Fernando, que havia se mudado para São
Paulo, onde trabalhou no Departamento de Água e Energia Elétrica do estado até
a véspera da prisão, estava no Rio para festejar o aniversário do irmão
Marcelo. Devido ao novo endereço, ele pleiteava uma transferência da UFF para a
USP. Após rever a família, Fernando saiu às 16h para encontrar o amigo Eduardo
Collier e marcou de ir ao cinema às 18h com sua mulher, Ana Lúcia Valença. Não
apareceu. Era sábado de carnaval, e nunca mais se soube de Fernando e Eduardo.
Filhos de Elzita, Marcelo Santa Cruz
teve cassado o direito de estudar no Brasil e Rosalina (irmã mais velha) ficou
um ano presa, sofreu um aborto provocado pela violência, por choques elétricos.
Mas Marcelo classificou o caso de Fernando como o "mais perverso".
— Esse crime é permanente, não
prescreve, não acaba nunca — destacou ele ao Globo, em 2014.
'Sua luta terminou inconclusa'
O neto Felipe Santa Cruz, filho de
Fernando, e hoje presidente da OAB Nacional, disse ao Globo em 2014 que via a
avó como um símbolo de coragem.
— Ela teve o cuidado de não deixar
esquecer que o desaparecimento dele é uma questão política. Ela não se
restringiu ao sofrimento, à dor interna, mas transformou Fernando em alguém
importante para a história de um período do país. Ele não era guerrilheiro, não
vivia clandestinamente. Minha avó mostrou que ele poderia ser o filho de
qualquer mãe.
Nesta terça-feira, pelo Twitter,
Felipe destacou que a família se despedia "de sua matriarca, uma mulher
forte e que tão pequena parecia gigantesca". Ressaltou que a avó "foi
em vida a concreta manifestação da força da mulher nordestina".

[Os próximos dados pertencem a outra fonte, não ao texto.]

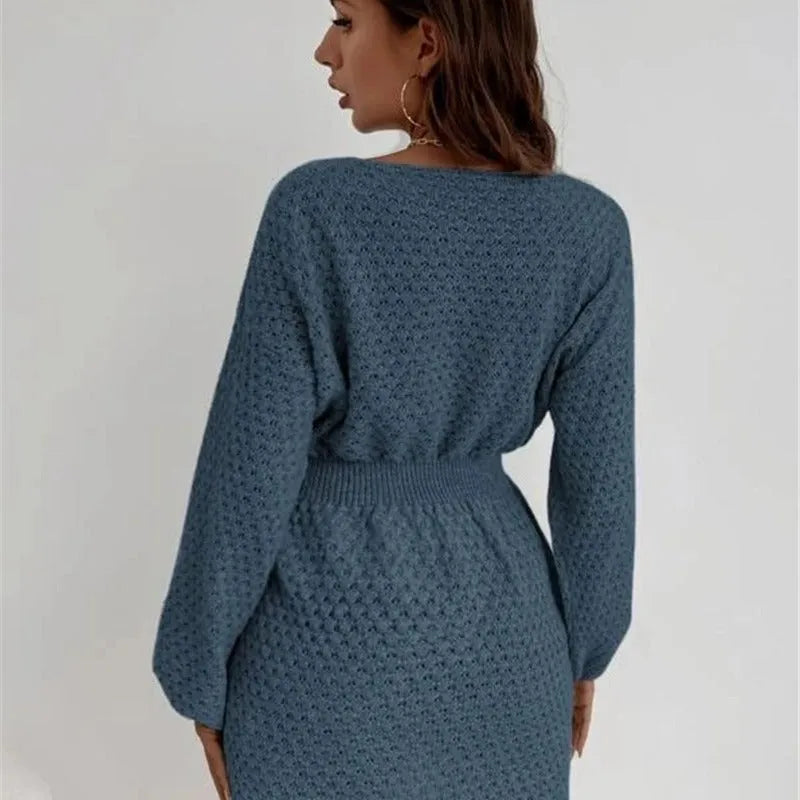 Blue women's knitted dress with white hand-crocheted flower details on the chest, showing a fitted waist and round neck.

"Ela não me perdoaria se eu
deixasse de dizer que sua maior luta terminou inconclusa: não recuperou o corpo
de seu amado filho, coitadas das almas dos que lhe negaram esse sagrado
direito", destacou o advogado.
Em nota, o governador de Pernambuco,
Paulo Câmara (PSB), prestou solidariedade à família e aos amigos de quem
classificou como "mulher guerreira".
"Dona Elzita foi incansável na
busca por direitos humanos e justiça para seu filho Fernando e para outras
vítimas da ditadura. A sua dedicação a essas causas seguirá nos
inspirando", disse o governador.
Segundo a imprensa local, Dona Elzita
será velada nesta terça-feira, na Câmara Municipal de Olinda, e cremada no dia
seguinte, em Paulista, na Região Metropolitana de Recife.